## ABOUT THIS EXERCISE
Extract the lines from the first one in the records below through the line containing "Baseball Drip Funny", keeping both ends and leaving out any pictures.
^^^^
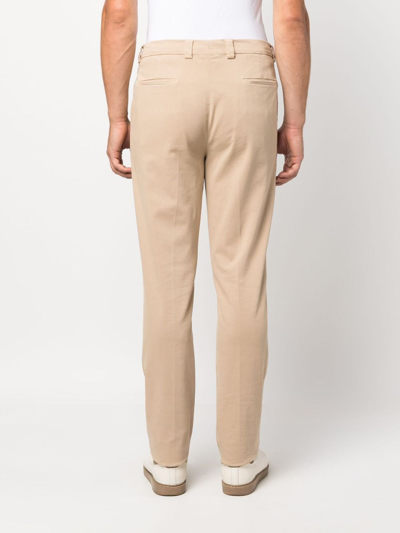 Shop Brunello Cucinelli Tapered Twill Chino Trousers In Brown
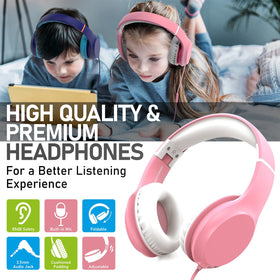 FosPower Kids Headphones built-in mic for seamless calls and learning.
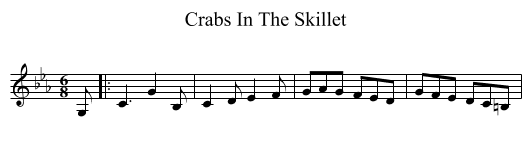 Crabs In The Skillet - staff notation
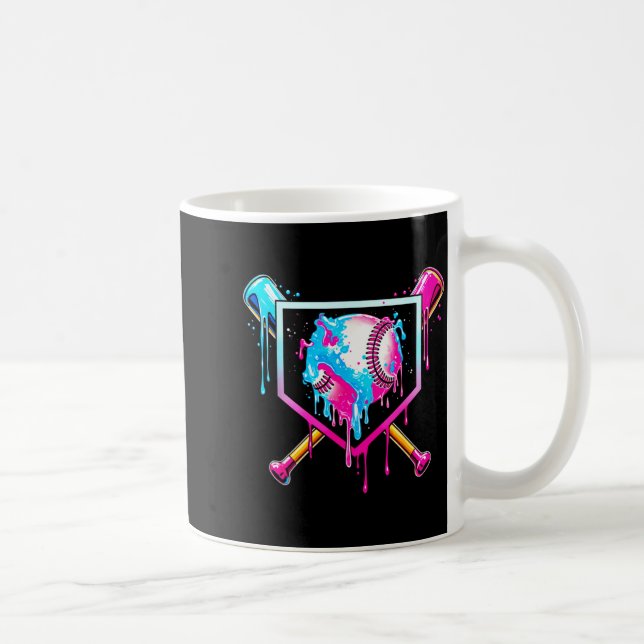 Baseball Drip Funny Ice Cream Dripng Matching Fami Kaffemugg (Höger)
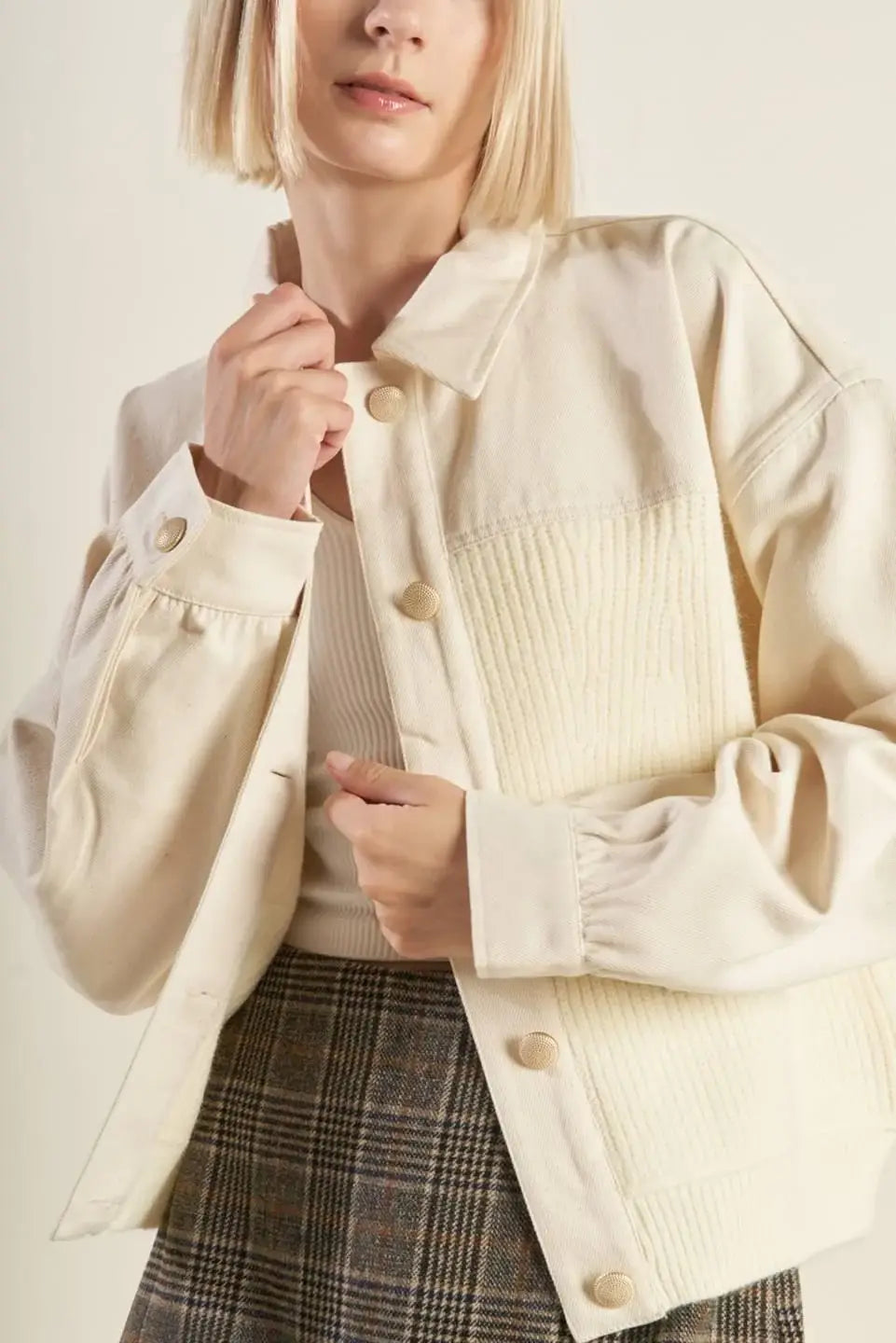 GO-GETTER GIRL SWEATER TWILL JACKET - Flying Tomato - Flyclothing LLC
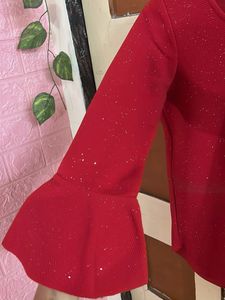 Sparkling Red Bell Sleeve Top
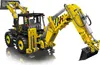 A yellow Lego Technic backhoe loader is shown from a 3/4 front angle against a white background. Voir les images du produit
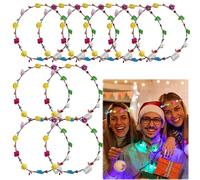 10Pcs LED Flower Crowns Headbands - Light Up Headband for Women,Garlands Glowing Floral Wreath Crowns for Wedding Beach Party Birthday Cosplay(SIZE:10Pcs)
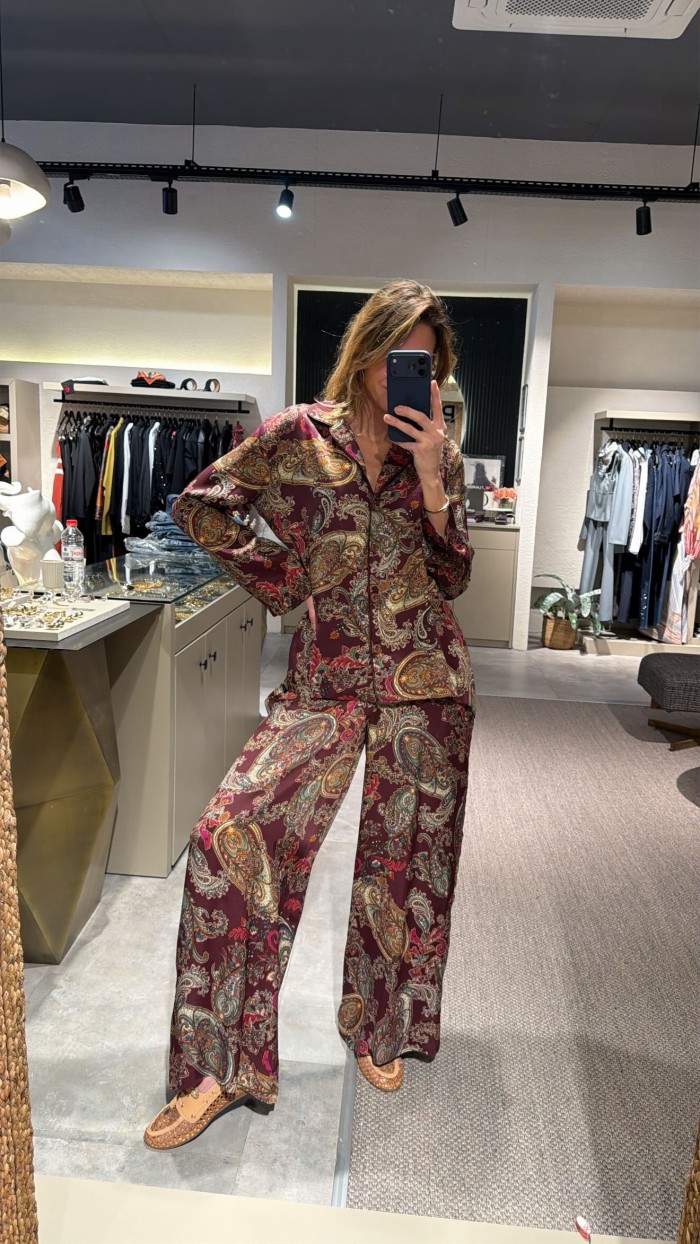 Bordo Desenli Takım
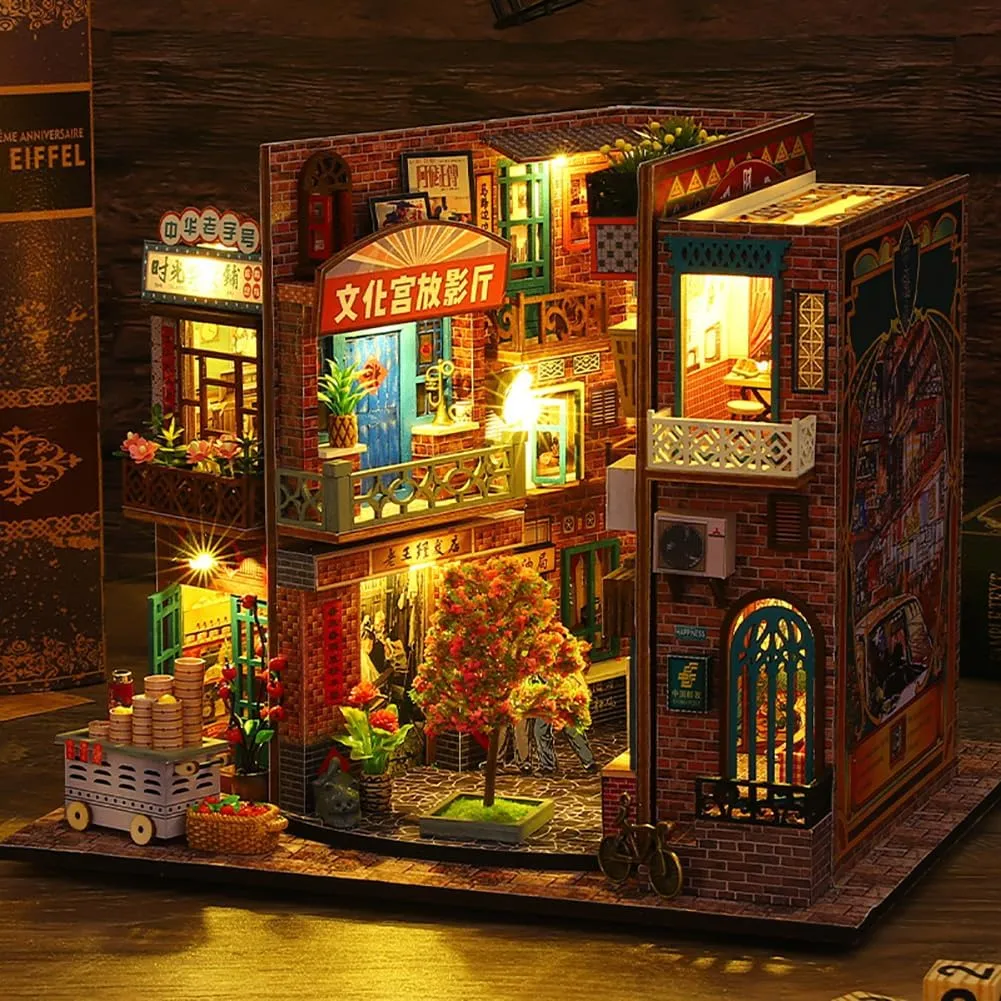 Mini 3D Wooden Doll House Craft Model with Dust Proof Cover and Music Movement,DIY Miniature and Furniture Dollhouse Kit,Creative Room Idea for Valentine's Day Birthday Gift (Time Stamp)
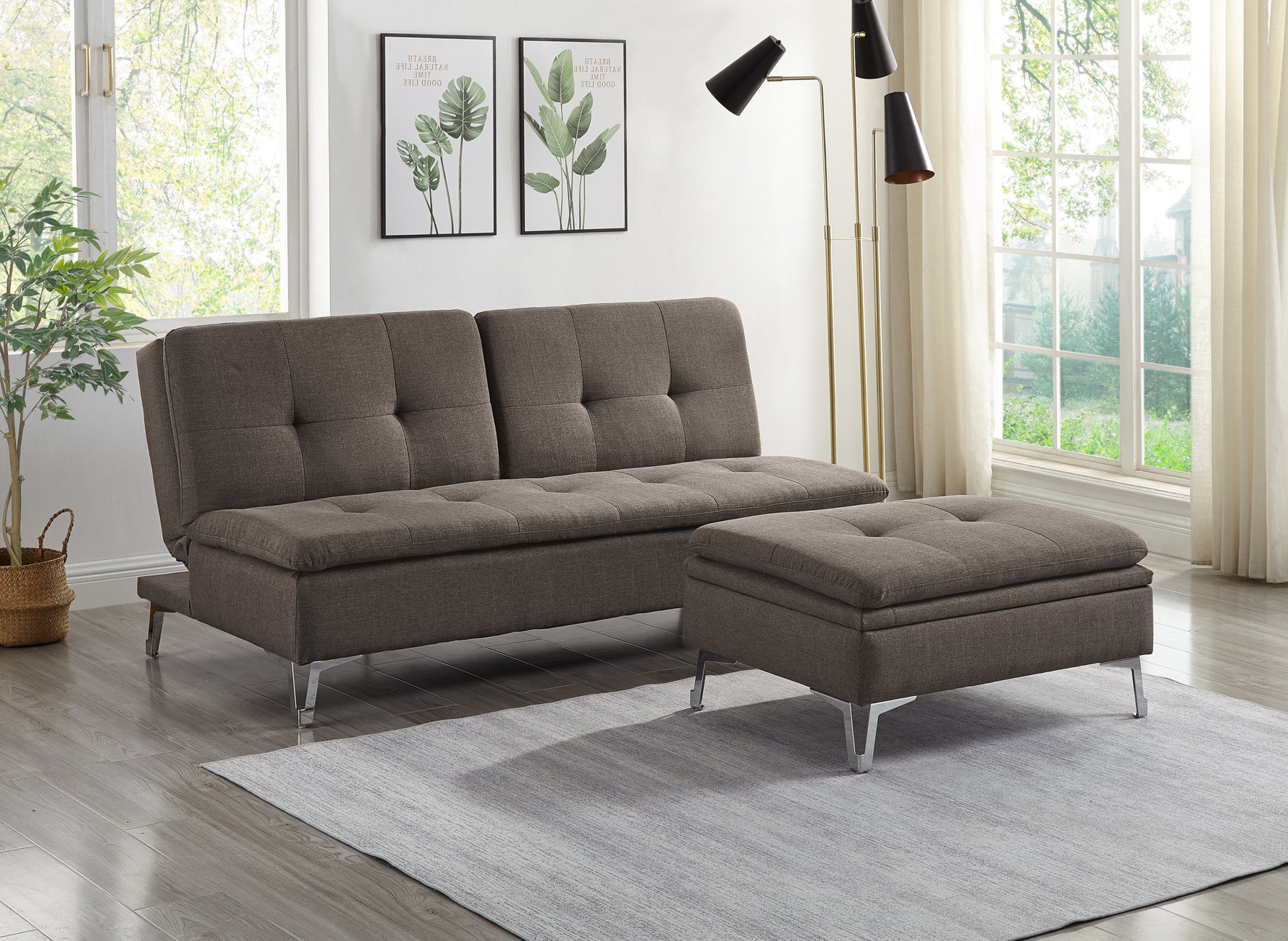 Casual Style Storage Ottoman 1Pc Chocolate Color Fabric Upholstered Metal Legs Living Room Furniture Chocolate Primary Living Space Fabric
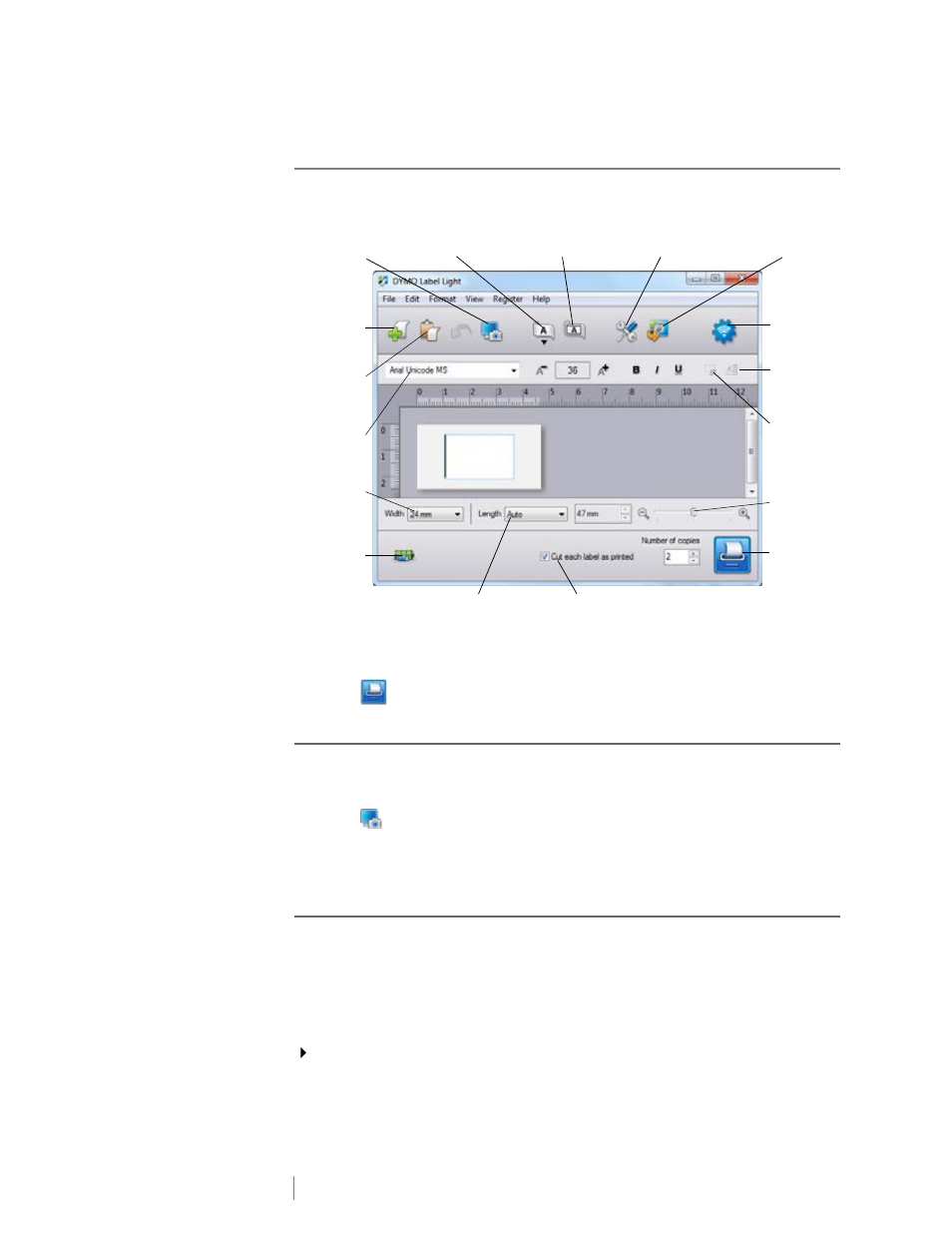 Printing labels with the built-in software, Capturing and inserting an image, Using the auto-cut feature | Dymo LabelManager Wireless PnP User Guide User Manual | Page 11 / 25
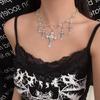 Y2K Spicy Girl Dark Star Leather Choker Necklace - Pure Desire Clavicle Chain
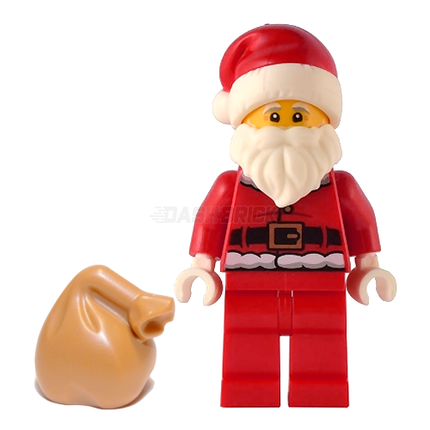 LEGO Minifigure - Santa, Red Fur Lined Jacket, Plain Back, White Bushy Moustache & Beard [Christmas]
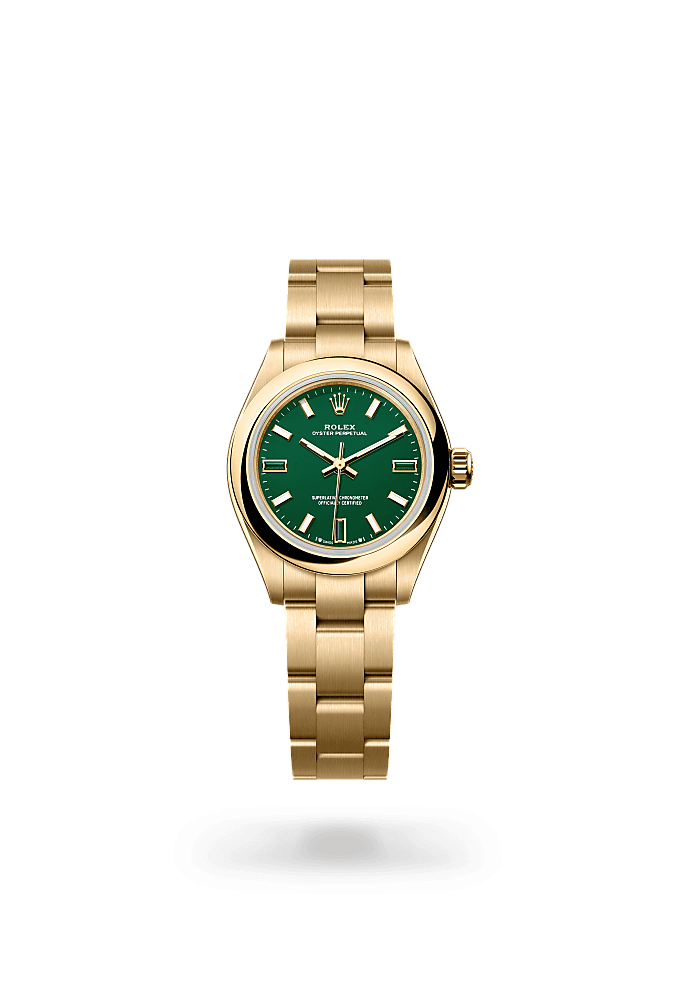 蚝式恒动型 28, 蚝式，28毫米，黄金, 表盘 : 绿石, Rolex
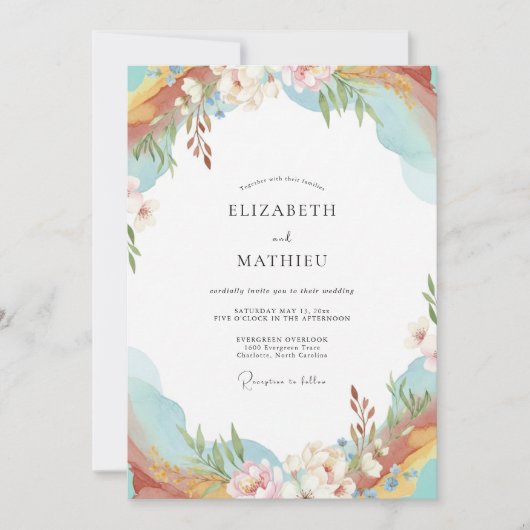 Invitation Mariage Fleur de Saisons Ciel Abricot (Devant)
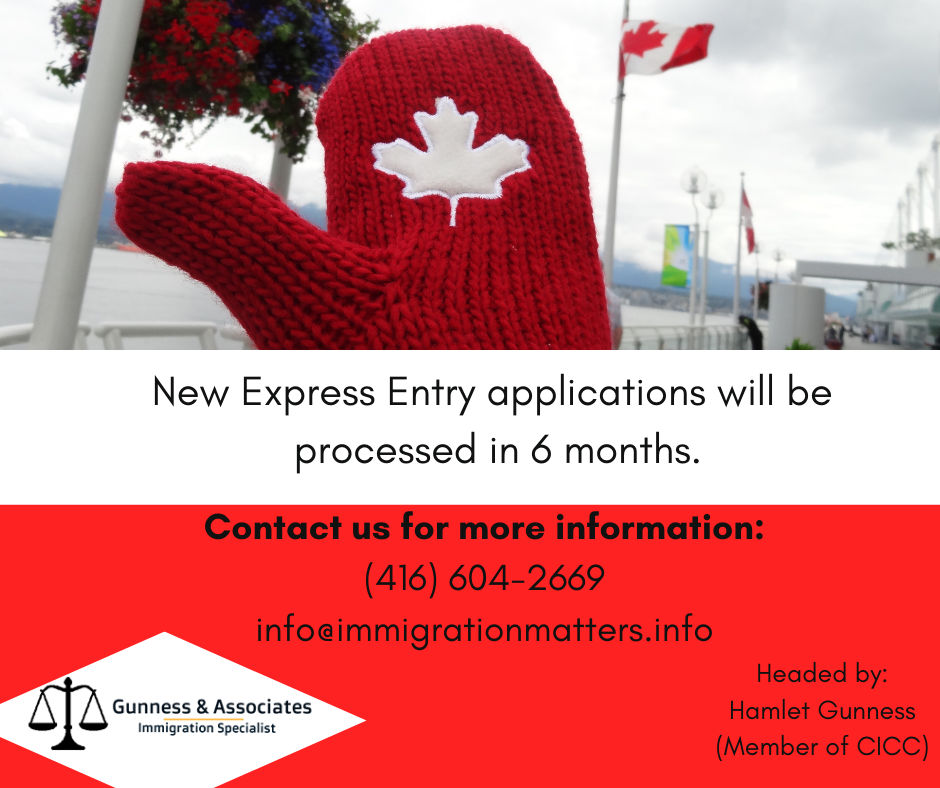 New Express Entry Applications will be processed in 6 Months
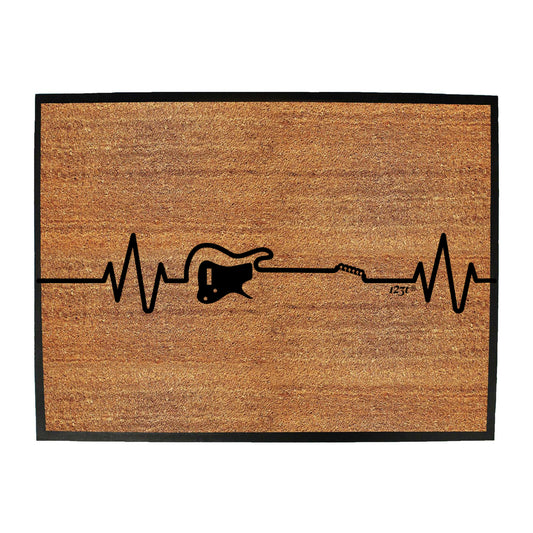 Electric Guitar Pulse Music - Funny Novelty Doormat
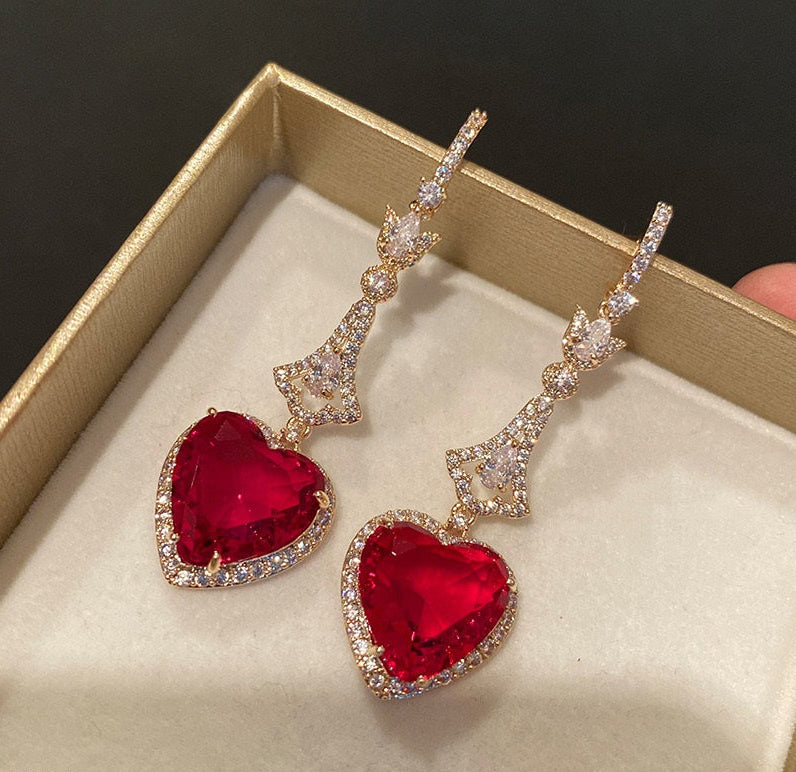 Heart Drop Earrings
^^^^
## YOUR SOLUTION
 Shop Brunello Cucinelli Tapered Twill Chino Trousers In Brown
 FosPower Kids Headphones built-in mic for seamless calls and learning.
 Crabs In The Skillet - staff notation
 Baseball Drip Funny Ice Cream Dripng Matching Fami Kaffemugg (Höger)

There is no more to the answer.